Generally, control mechanisms for sensor networks must be scalable, adaptive, and robust, because of a large number of sensor nodes, random or unplanned deployment, and dynamic topology changes due to addition, movement, and removal of sensor nodes. In addition, due to difficulty in managing a large number of nodes in a centralized manner for the limited bandwidth insufficient to periodically collect the up-to-date information from nodes, mechanisms must be fully distributed and self-organizing. Camera sensor networks place additional challenging issues as summarized in [3]. In particular, compared to typical scalar and even analog sensor data such as humidity, temperature, and acceleration, the volume of video data generated by cameras are considerably large, ranging from a few hundred Kbps to several hundred Mbps. The capacity of wireless sensor networks is limited to accommodate such huge video traffic. For example, the communication rate of ZigBee with IEEE 802.15.4 [4], a standard protocol for WSN, is only 250 Kbps. Even when we adopt IEEE 802.11b with the capacity of 11 Mbps, theoretical analysis indicates that the throughput available to each node is in the order of O ( 1 n ), where n is the number of nodes in the multi-hop wireless network [5]. Therefore, only a few nodes can join the network, even when each node transmits video data coded at only a few Mbps using IEEE 802.11b. Many studies, such as bandwidth allocation, retransmission control [6], FEC (Forward Error Correction) [7], and other error concealment techniques [8] have been made for QoS control for video transmission in wireless networks. They are useful and effective to maintain the quality of video data when a wireless network is lightly loaded and moderately congested, but they do not help much when the volume of video traffic is, for example, twice as much as the capacity of the network.
Therefore in large scale camera sensor networks, in addition to these QoS control mechanisms, application-level control to reduce the amount of video traffic without impairing the application is required. When we consider surveillance and monitoring applications, not all video data from cameras are equally important. Users are interested in video images that capture targets or certain phenomena. Therefore, the quality of video data from nodes detecting targets should be as high as possible without overwhelming the wireless network capacity, whereas those nodes far from the targets can suppress the video coding rate to avoid wasting the wireless network capacity in the transmission of irrelevant and redundant video data.
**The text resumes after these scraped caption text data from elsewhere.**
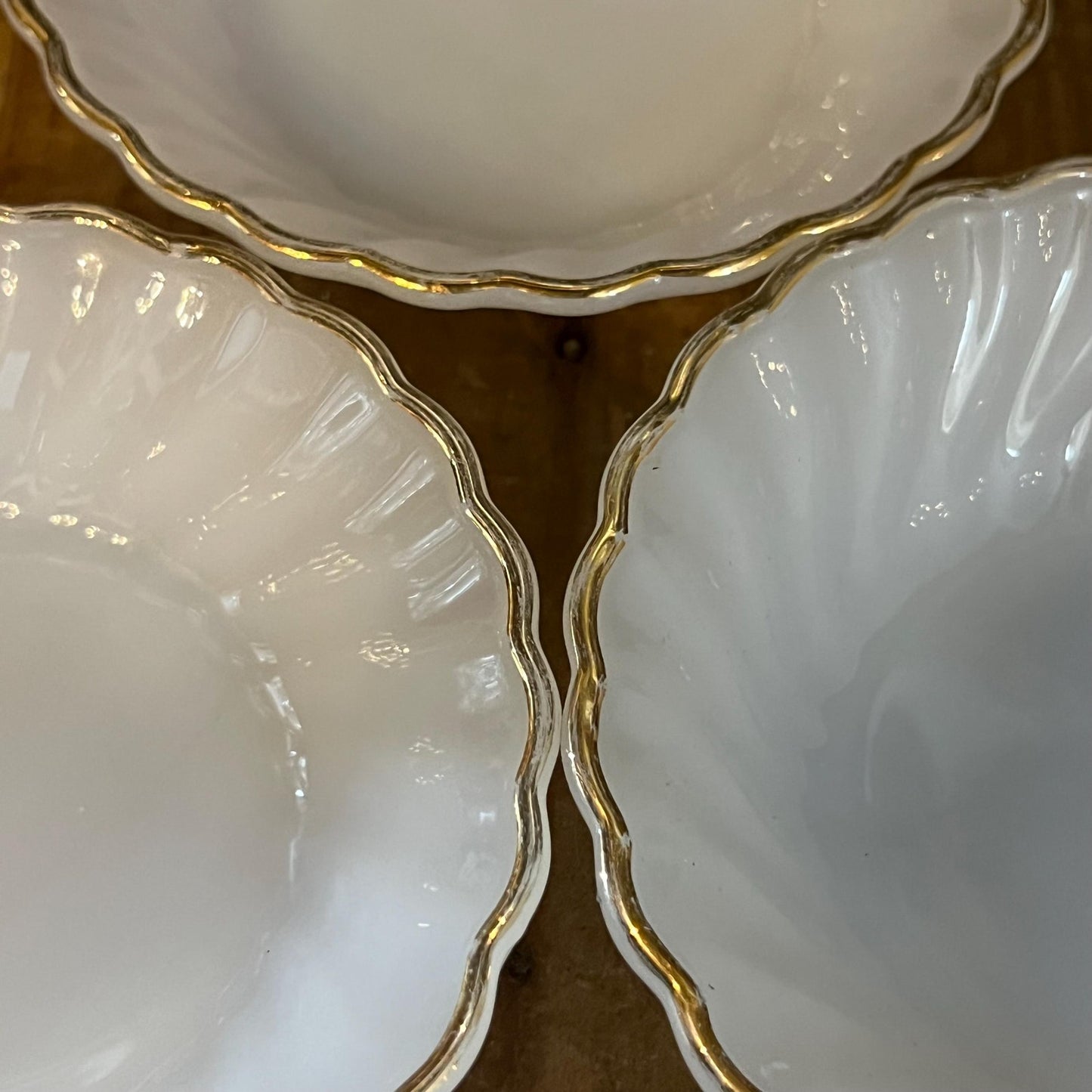 Vintage Set of 4 Milk Glass Scallop Swirled Gold Rim Bowls - Berry Bowls - Parfait Bowls - Dessert Bowls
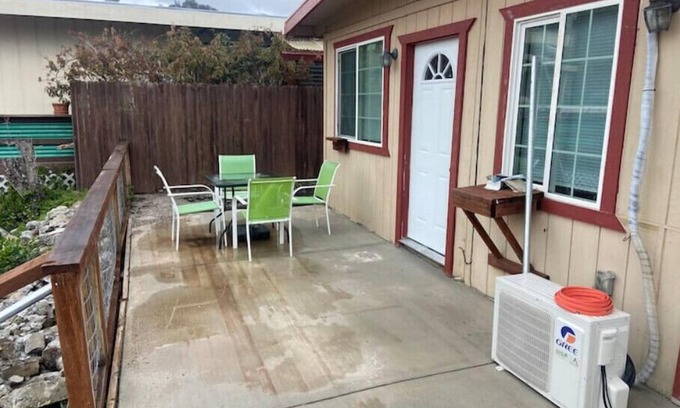 Clear Lake Casa | Lake house bungalow!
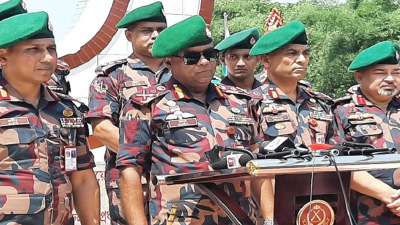 বাংলাবান্ধা স্থলবন্দর পরিদর্শনে বিজিবি মহাপরিচালক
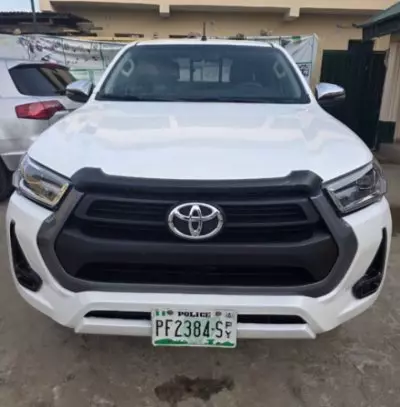 TOYOTA Hilux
For this purpose, we need a mechanism for camera sensor nodes to adjust the video coding rate in accordance with the location and velocity of targets. To the best of our knowledge, such application-level control has not been addressed well and we can only find a few [9][10]. In [9], a content-aware control system assigning higher rate to cameras capturing important images is proposed. However, they mainly consider bandwidth allocation among cameras on a node, not among camera nodes. In [10], the authors propose dynamic allocation of wireless communication bandwidth to camera nodes based on the rate-distortion model and the activity of captured video. However, the bandwidth allocation is performed in a centralized manner, where a central location has the complete information about the status of wireless network and characteristics of video data at all cameras.
Only if we know the complete and up-to-date information about the location and status of camera sensor nodes and the location and velocity of targets, we can optimally assign the wireless network capacity to those nodes and set the video coding rate to avoid congestion of the network while keeping the application-level QoS. However, maintenance of such global and up-to-date information involves much communication overhead and the battery power of nodes. Therefore, an autonomous, distributed, and self-organizing mechanism is required for each node to appropriately determine the video coding rate based on local information obtained by exchanging messages, e.g., general HELLO messages, with neighboring nodes, while avoiding local network congestion.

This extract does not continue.